1. Slow Growth of Industrial Sector:

The cause of stagnancy in occupational pattern is the slow growth of industrial sector especially the manufacturing sector.

The average industrial growth rate was around 6 percent per annum between 1951-91.

In comparison to the ‘East Asian Tigers’ like China, South Korea, Taiwan and Malaysia etc. this growth rate is negligible. Thus the slow growth of our industrial sector has kept the occupational pattern traditional.

2. Neglect of small scale and Cottage Industries:

The neglect of small scale and cottage industries is the factor responsible for the traditional nature of our occupational pattern. These industries use labour-intensive technique of production. With small amount of capital these industries can employ more labour. In India, the planners did not give sufficient attention to small scale and cottage industries.


The Industrial Policy 1977 gave due importance to this sector. But in 1980, the trend was reversed and again heavy industries dominated the scene. Obviously, withdrawal of 5urplus labour from the agriculture to the industrial sector has not been possible.

3. Failure of the Employment Policy:

Another reason for failure to change the occupational pattern was the failure of our employment policy since 1951. A review of the employment policy during the last 50 years of planning reveals that no serious attempt was made by the Indian planners to develop and diversify the rural economy. The unemployment alleviation programmes could not succeed due to poor management and leakages of fund.

No sincere efforts have been made by planners to develop mm-agricultural sector like road construction, land reclamation, digging of canals etc. In-fact planners failed to give emphasis on rural industrialisation. As a result occupational structure remained traditional.

4. Capital intensive Industries:

Since the beginning of planning the planners gave emphasis on capital-intensive heavy industries in the producer goods sector. This had very limited employment generation effects. Besides there was rapid expansion of luxury durable consumer goods industries using capital intensive methods. As a result there was no shift of surplus labour from agricultural sector to the industrial sector.
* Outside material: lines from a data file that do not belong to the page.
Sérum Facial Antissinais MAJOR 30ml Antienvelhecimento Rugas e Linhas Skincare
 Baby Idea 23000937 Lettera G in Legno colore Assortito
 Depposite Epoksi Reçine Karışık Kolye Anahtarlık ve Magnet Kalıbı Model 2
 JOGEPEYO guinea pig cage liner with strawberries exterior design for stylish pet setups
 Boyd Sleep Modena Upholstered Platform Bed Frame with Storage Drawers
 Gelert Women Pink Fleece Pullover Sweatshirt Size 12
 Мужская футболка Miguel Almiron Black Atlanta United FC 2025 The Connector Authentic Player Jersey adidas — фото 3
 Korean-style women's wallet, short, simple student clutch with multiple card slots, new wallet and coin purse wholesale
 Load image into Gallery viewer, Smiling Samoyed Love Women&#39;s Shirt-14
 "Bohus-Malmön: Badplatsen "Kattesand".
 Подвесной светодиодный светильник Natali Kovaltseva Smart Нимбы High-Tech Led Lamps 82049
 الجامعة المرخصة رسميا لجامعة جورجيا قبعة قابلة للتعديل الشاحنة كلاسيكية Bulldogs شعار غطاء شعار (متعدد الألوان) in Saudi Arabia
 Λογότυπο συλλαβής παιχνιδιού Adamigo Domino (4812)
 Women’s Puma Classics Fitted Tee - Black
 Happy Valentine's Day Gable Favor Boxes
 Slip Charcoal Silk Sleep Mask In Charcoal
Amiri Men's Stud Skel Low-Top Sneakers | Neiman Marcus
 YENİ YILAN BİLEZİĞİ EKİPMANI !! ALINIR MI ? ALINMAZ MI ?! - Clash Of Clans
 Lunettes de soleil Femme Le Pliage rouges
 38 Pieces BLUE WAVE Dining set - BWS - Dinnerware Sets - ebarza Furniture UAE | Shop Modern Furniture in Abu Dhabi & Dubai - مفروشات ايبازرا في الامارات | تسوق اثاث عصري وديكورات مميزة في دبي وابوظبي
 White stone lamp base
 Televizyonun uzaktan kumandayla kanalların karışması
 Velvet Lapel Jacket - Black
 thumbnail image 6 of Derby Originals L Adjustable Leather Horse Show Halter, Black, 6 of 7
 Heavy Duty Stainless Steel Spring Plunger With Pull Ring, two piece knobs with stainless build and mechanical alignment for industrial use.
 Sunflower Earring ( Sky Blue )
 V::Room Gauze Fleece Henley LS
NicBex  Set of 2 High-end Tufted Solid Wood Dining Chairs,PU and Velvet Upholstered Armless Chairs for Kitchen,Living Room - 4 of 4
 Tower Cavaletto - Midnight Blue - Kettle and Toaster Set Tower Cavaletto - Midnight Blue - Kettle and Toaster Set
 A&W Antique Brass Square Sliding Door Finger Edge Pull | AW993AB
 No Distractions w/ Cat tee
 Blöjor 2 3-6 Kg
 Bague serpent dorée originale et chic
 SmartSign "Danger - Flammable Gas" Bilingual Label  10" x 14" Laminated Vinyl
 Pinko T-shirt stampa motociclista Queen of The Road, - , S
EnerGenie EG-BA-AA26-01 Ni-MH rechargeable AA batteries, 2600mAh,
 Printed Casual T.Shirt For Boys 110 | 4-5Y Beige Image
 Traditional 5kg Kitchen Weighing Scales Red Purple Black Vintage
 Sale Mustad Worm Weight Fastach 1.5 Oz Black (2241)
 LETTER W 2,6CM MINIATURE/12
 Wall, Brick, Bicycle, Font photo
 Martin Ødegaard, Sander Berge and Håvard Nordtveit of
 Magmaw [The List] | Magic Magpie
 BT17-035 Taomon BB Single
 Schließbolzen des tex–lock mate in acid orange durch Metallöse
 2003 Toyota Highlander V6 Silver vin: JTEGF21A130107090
5. Pressure of Population Growth:


Rapid growth of population in India is a major cause of the traditional nature of our occupational pattern. Due to population explosion, there is sharp increase of our work force especially in rural part of the country-. Generally more than two thirds of increased labour joins labour force. Lack of alternative source of employment in agriculture, leads to disguised employment and underemployment.